Quando a escala da doença se tornou clara, a escola permitiu que os pais tirassem suas filhas de lá por uma semana. As meninas doentes se recuperaram prontamente, e começam a voltar à escola, o que de certa forma surpreende os repórteres e equipes de TV permanentemente estacionados diante dos portões, que cercam as meninas e suas famílias em busca de casos de maus tratos na escola.
"Precisamos de apoio, não de escândalo, disse a irmã Cheong em entrevista na escola.
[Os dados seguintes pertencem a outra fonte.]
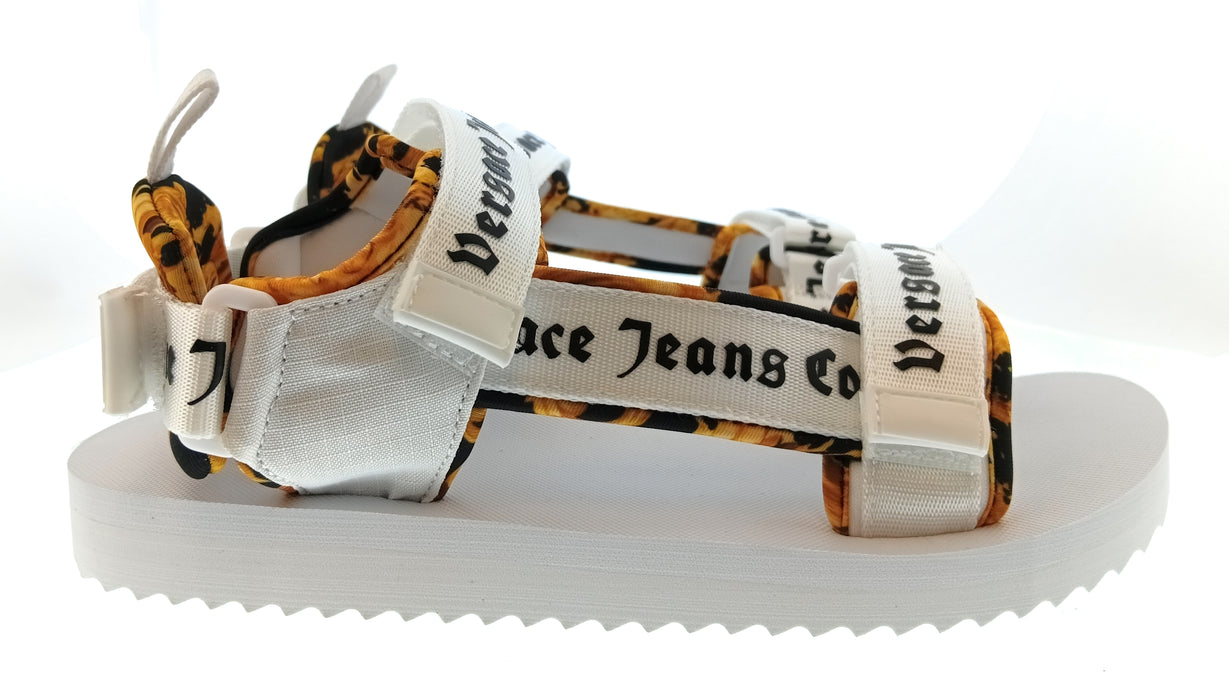 Versace Jeans Couture Mens White / Orange / Black Logo Strap Trek Sandals-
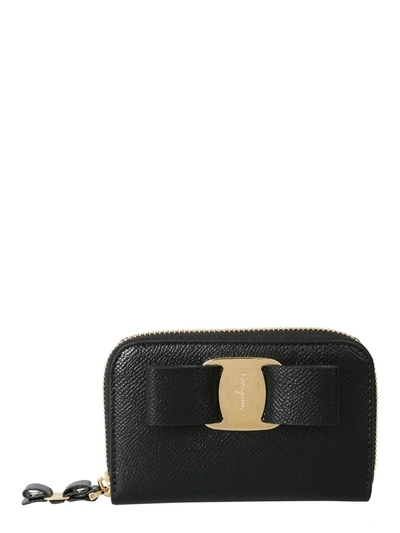 Ferragamo Business Card Holder With Vara Bow In Black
Ela parecia visivelmente esgotada pelas atenções da mídia e claramente preocupada com a possibilidade de que isso venha a prejudicar as doações de que ela precisa para manter o orçamento operacional de US$ 4 milhões da escola. A instituição, fundada em 1990, é uma das 10 escolas abertas na Ásia e na América Latina por uma organização chamada Aldeias Mundiais para Crianças, dirigida por freiras das Irmãs de Maria, uma ordem fundada na Coréia do Sul, em 1964, pelo padre norte-americano Aloysius Schwartz.
A escola oferece três anos de ginásio e dois anos de colegial técnico a meninas dos 12 aos 17 anos. A instituição se localiza em um amplo terreno nos poeirentos limites de Chalco, um bairro operário na periferia na Cidade do México.
Com população de cerca de meio milhão de pessoas, Chalco serve como sinônimo à pobreza urbana, no México. Um assentamento não planejado de casas de blocos de concreto que os proprietários nunca têm dinheiro para completar, Chalco inchou muito nos últimos 30 anos, com a chegada de migrantes do campo que vêm à capital em busca de empregos.
Mas por trás dos portões metálicos da escola existem arbustos bem podados, gramados aparados, uma piscina e um ginásio com capacidade para quatro mil espectadores. Em um toque bizarro, um avestruz, o mascote da escola, passeia por um jardim no canto dos muros.
As meninas, oriundas de algumas das regiões mais pobres do México, correm das aulas de computação aos ensaios de coral, passando por aulas de tae kown do. Os alojamentos são impecavelmente limpos, ainda que modestos: brinquedos doados ficam expostos, mas intocados, por sobre os armários, e cada quarto abriga quarenta meninas, em beliches triplos.
As autoridades mexicanas dizem não haver prova de maus tratos, ainda que reconheçam que a disciplina que as meninas seguem é severa, e que elas vivem de maneira isolada. Elas vêem suas famílias no máximo três vezes ao ano: duas semanas em julho, 10 dias no Natal e no dia dos pais e mães, que em geral cai em maio. Não estão autorizadas a fazer telefonemas, e as cartas que recebem e enviam são controladas.
A irmã Cheong diz que muitas das meninas vêm de famílias indígenas ou de regiões do país nas quais as superstições são muito fortes. "Em conversa com os pais, eles parecem acreditar que Deus está mais vivo onde o mal é mais ativo", ela diz. Ou talvez as meninas pensem que sua doença é uma benção.
Maria Layda Aguiar, 14 anos, assistia suas colegas treinando dança e aeróbica, no ginásio. Ela adoeceu, mas está melhorando, depois de um mês. "Eu aceitei a doença com alegria", disse. "Talvez Deus esteja me testando. Talvez seja assim que Ele demonstra sua preocupação comigo".